Bei diesem Beitrag handelt es sich um eine leicht bearbeitete Version meines Artikels vom 29. Dezember 2004, der als Reaktion auf Medienberichte über einen "sechsten Sinn" bei Tieren verfasst wurde, der es ihnen angeblich erlaubt, einen Tsunami zu vermeiden, indem er auf eine höhere Ebene klettert.

Jedes Mal, wenn es ein schweres Erdbeben oder einen Tsunami gibt, sind verschiedene Medienberichte mit Phrasen wie dem sechsten Sinn und der außersinnlichen Wahrnehmung gefüllt, die kein sich selbst respektierender Wissenschaftsjournalist verwenden sollte.

Sechster Sinn? "Ja wirklich?" Die Tage von Aristoteles und seinen fünf Sinnen sind längst vorbei. Sogar der Mensch hat mehr als fünf Sinnesmodalitäten. Andere Tiere (und sogar Pflanzen) haben viel mehr. Die ursprünglichen fünf sind Vision, Vorsprechen, Geruchssinn, Trubel und Berührung.
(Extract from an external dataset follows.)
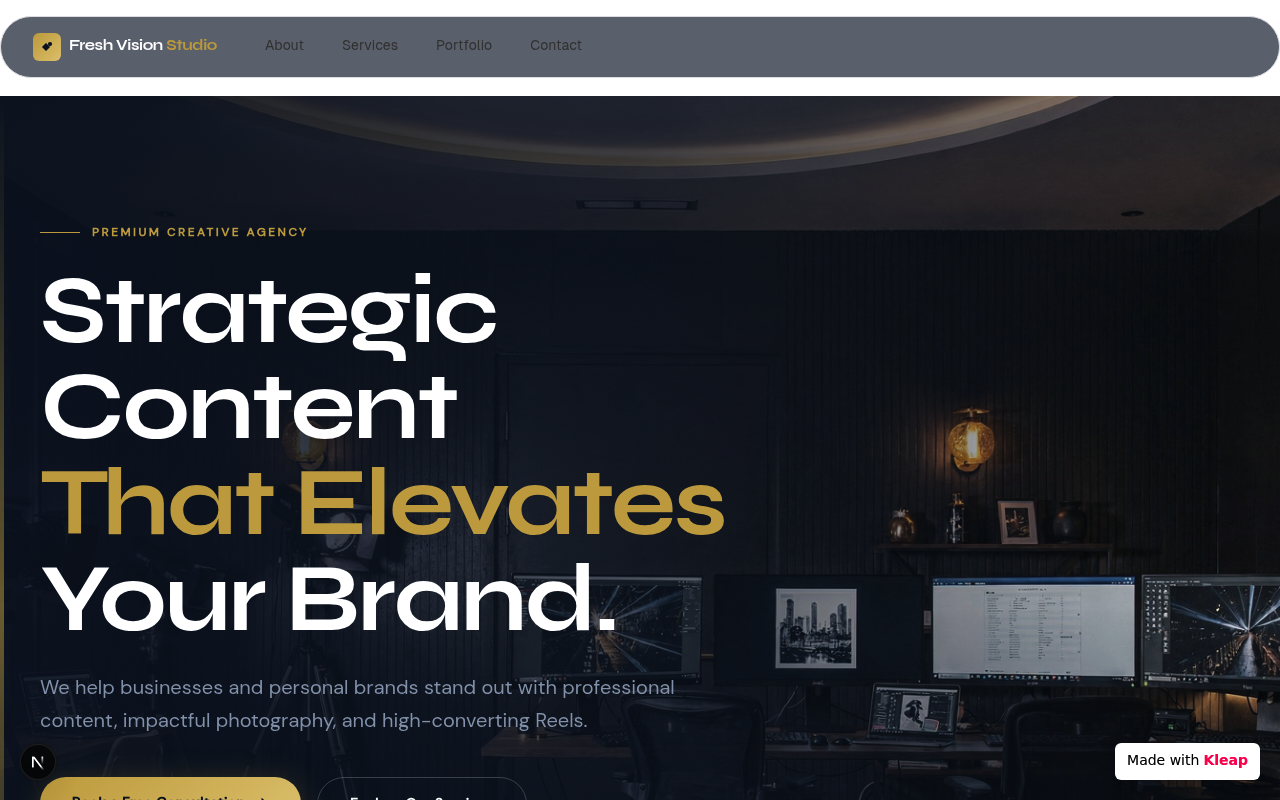 Fresh Vision Studio website example
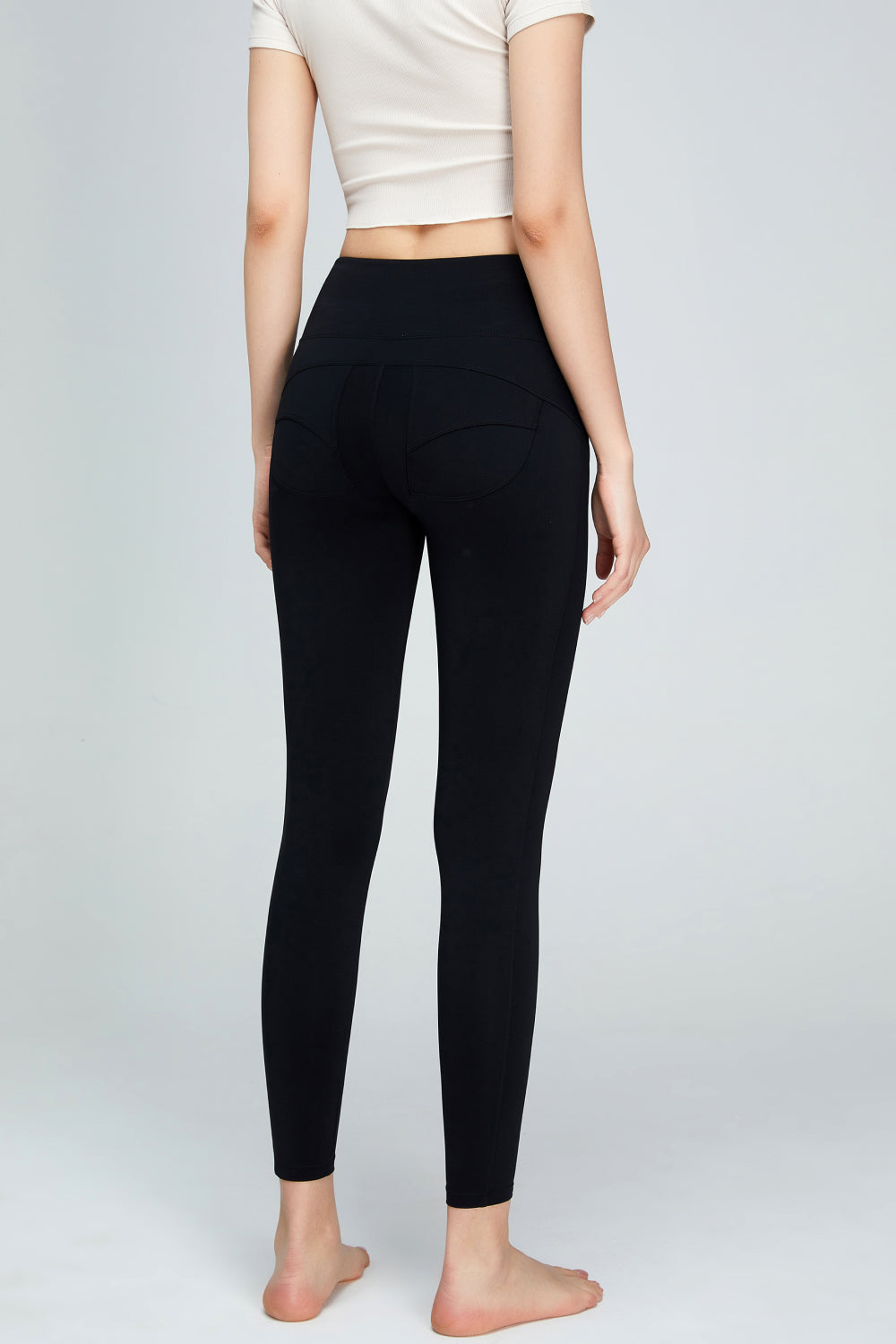 Seam Detail Wide Waistband Sports Leggings - DromedarShop.com Online Boutique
Photorezeption ist nicht nur Sicht (Bildwahrnehmung) und keine einheitliche Modalität. Es gibt Tiere mit Fähigkeiten, die manchmal von einem separaten Organ oder zumindest einem Zelltyp bedient werden, für den Empfang von ultraviolettem Licht, die Infrarotwahrnehmung (was auch Wärmeempfindung ist, wenn das Infrarotlicht warm ist), die Wahrnehmung von polarisiertem Licht, ganz zu schweigen von visuelle und extraretinale Photorezeption bei zirkadianer Mitreißung, Photoperiodismus, Phototaxis / Photokinese, Pupillenreflex und Stimmungskontrolle. Das "dritte Auge" (Frontalorgan bei Amphibien oder Parapineal bei Reptilien) kann kein Bild bilden, sondern erkennt Schatten und anscheinend auch Farbe.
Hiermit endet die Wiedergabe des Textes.